2018年ニコニコ超会議のリアル来場者数がここにきて過去最高を記録したらしい件について

 2018年、4月の末に開催されたニコニコ超会議

 ニコニコ超会議ってのは今では日本最大級と言ってもいい動画サイトコミュニティの大規模なオフ会である。ここで重要なのは、最大級の動画サイトではなく、あくまでも「オフ会」が最大級だってことですなぁ。

 無論、最大の動画サイトは今や日本に限定したとしてもYoutube。これはもう動かしようのない事実。だけれども、オフ会最大級はニコニコ超会議だ。

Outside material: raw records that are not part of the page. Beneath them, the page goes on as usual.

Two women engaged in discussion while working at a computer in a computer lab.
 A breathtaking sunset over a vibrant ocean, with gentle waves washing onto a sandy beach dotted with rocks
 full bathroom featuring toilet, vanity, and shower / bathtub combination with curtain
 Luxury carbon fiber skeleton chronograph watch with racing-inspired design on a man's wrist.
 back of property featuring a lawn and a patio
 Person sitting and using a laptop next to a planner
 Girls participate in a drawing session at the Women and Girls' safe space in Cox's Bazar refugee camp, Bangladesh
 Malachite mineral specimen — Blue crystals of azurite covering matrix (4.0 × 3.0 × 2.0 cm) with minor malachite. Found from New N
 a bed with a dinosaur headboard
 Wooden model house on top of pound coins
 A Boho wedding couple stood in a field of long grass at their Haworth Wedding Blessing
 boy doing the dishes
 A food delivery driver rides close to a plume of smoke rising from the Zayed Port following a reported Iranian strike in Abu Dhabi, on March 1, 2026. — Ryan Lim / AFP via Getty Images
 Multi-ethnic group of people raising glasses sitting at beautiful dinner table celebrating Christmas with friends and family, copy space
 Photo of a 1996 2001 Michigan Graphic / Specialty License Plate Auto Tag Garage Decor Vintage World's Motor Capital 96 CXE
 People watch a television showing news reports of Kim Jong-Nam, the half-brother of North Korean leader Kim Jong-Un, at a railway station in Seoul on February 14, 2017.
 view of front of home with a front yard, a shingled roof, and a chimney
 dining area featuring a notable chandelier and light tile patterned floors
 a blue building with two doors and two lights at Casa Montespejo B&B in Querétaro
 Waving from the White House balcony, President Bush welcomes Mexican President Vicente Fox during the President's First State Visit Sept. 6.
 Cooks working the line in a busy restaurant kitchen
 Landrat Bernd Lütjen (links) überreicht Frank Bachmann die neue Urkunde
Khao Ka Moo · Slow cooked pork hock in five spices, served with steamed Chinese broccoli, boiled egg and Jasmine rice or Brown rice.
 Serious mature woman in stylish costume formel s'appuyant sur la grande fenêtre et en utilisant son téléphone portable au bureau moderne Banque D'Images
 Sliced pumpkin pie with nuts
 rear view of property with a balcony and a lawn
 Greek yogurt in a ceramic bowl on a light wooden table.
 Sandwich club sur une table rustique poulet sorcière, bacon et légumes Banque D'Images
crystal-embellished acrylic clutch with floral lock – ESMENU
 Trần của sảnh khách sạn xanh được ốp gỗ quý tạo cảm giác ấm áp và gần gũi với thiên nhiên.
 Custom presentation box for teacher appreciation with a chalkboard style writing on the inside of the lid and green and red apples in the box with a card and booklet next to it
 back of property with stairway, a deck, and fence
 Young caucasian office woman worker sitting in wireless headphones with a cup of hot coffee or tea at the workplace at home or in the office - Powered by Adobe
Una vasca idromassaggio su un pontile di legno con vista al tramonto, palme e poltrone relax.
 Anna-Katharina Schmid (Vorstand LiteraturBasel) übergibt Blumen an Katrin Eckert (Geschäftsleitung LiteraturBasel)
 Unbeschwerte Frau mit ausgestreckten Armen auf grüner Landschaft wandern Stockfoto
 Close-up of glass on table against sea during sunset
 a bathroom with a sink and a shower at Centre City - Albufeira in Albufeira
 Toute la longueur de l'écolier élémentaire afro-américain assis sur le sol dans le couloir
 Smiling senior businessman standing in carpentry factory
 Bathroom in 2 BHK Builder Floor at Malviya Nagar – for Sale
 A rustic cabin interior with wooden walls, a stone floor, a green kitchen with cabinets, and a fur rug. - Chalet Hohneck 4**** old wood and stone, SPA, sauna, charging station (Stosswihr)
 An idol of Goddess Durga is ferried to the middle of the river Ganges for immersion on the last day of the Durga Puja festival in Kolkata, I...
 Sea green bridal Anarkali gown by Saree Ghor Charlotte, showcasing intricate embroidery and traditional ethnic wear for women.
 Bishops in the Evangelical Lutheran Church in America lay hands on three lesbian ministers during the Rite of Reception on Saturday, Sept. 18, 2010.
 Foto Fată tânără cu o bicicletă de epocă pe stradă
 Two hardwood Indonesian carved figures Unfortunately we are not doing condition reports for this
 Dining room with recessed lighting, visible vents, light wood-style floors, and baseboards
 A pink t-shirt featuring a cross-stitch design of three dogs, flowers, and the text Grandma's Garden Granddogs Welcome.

 さて、そんなニコニコ超会議は近年、といっても、2017年までだけれども来場者数は下降の一途を辿り、「衰退期か・・・」などと言われていた。それに比例するかのように、ニコニコ動画のプレミアム会員数も瞬く間に減っていった

 ※プレミアム会員・・・お金を払ってよりよいサービスを受けられる会員

 しかし、ここにきてニコニコ超会議のリアル来場者数は過去最高を記録し、また、インターネット来場者数も急上昇したという。プレミアム会員数は減少しているにも関わらず、だ。

 これは一体どういうことか・・・?

 今一度、考察してみよう。

 

目次

 

1.ニコニコの衰退期について

 ニコニコの衰退自体、語るにしても一記事二記事必要になってくるので、ここであまり詳細には語らないでおこう。簡単に僕なりの考察をまとめておきます。

Youtubeへのゲーム実況文化の流出

・サービスが時代に追い付いていない

以上の二点が大きな衰退の原因になっていると僕は考える。なぜこの二点かってのを以下に簡単にだが解説していこう。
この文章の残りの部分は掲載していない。